Aqualung Therapeutics (Tuscon, Ariz.) has been awarded a one year NIH FAST-TRACK AWARD (1R41 HD101202-01A1) to support development of a humanized antibody therapy for pregnant women with intrauterine infection at risk for preterm birth. Aqualung Therapeutics scientists have identified extracellular NAMPT or eNAMPT, a master regulator of tissue and systemic inflammation as a novel therapeutic target in chorioamnionitis, or intrauterine infection. ALT has demonstrated robust NAMPT expression in placentas from women with chorioamnionitis. In a preclinical pregnant mouse model of ChorP, an eNAMPT-neutralizing antibody was dramatically protective, improving preterm birth mortality and inflammation in newborn pups.
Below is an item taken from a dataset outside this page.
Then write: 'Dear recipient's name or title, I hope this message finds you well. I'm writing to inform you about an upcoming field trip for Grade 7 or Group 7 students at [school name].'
This NIH STTR Award will drive the final selection of the lead eNAMPT-neutralizing humanized therapeutic mAb between two candidates, ALT-100 and ALT -200; with selection utilizing in vitro and preclinical in vivo models of chorioamnionitis. Upon confirmation of the optimal mAb candidate in treating chorioamnionitis, Aqualung will submit an R42 STTR grant to further support pre-clinical development and IND-enabling studies.